Em 1945, Bucarelli consegue que dois quadros de Morandi, uma paisagem e uma natureza morta, fossem doados à Galeria. Seguiram-se doações e aquisições de obras de pintores internacionais como Mondrian, Modigliani, Moore, Pollock, Malevich, Kandinsky e de artistas italianos como Burri, Colla, Caporossi, Fontana, Pascali, Novelli e Manzoni. Estas doações e aquisições são escolhas corajosas, sempre contestadas pela elite romana, muito conservadora. Aliás, em 1959, após a exposição de Il grande sacco, de Burri, Bucarelli chega a ser chamada para um inquérito parlamentar. 


Ao longo de toda a sua vida, grande parte dela dedicada à GNAM, Bucarelli destacar-se-á pela sua extraordinária erudição, fruto de estudo profundo — o que hoje comprovamos quando lemos os seus diários, os seus manuscritos ou os seus livros apontados —, mas também pelo seu gosto, a sua intuição e as relações que criava, visitando os “salotti” culturais tão típicos da capital italiana, os ateliers dos artistas e as novas galerias de arte da capital romana. 
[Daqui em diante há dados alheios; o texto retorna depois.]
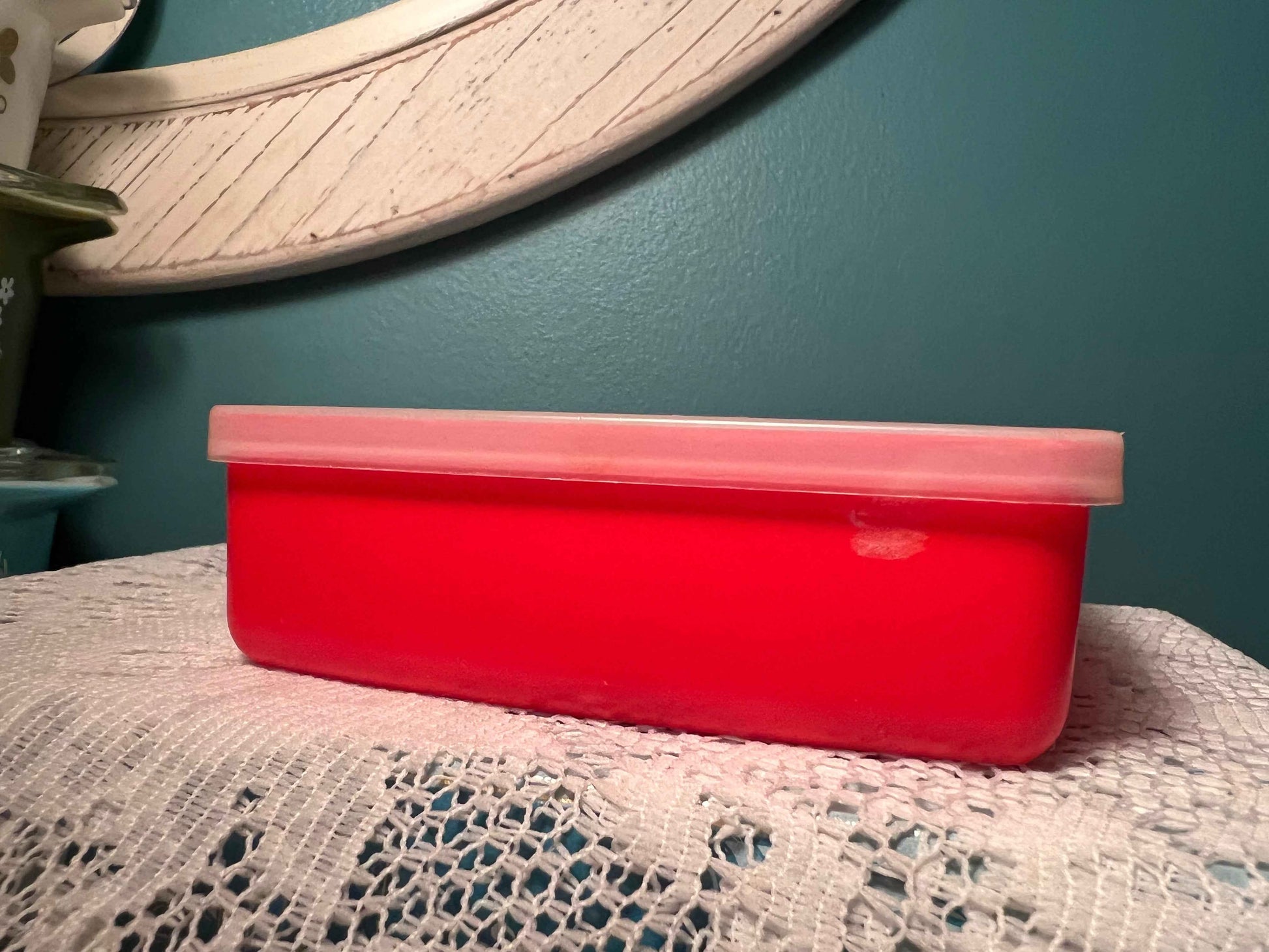 Vintage Tupperware Square-A-Way Sandwich Keeper #670-31 Red | Retro Kitchenware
Palma Bucarelli consegue levar a arte italiana para o mundo e “abrir os olhos de um país conservador e retrógrado às novidades das vanguardas internacionais com a coragem de inovar, o gosto de transgredir”(Serena Dandini, in Paladine, Direzione Musei del Ministero Italiano della Cultura, 2021). Consegue trazer os romanos à galeria: com as 182 peças da coleção Cavallini, pôs este público pela primeira vez em contacto com as novas correntes artísticas de Picasso, Kandinsky, Mondrian ou Modigliani. Note-se, em 1958, organiza-se na GNAM a primeira grande exposição europeia dedicada a Jackson Pollock!


Palma Bucarelli permanecerá à frente da GNAM até 1975, deixando na Galeria (e na História da Arte) a sua marca indelével. Hoje, ao visitarmos a GNAM, deparamo-nos com um museu vivo e irreverente, onde as obras se relacionam inesperadamente (e às vezes inexplicavelmente) em constantes desafios e convites ao espectador.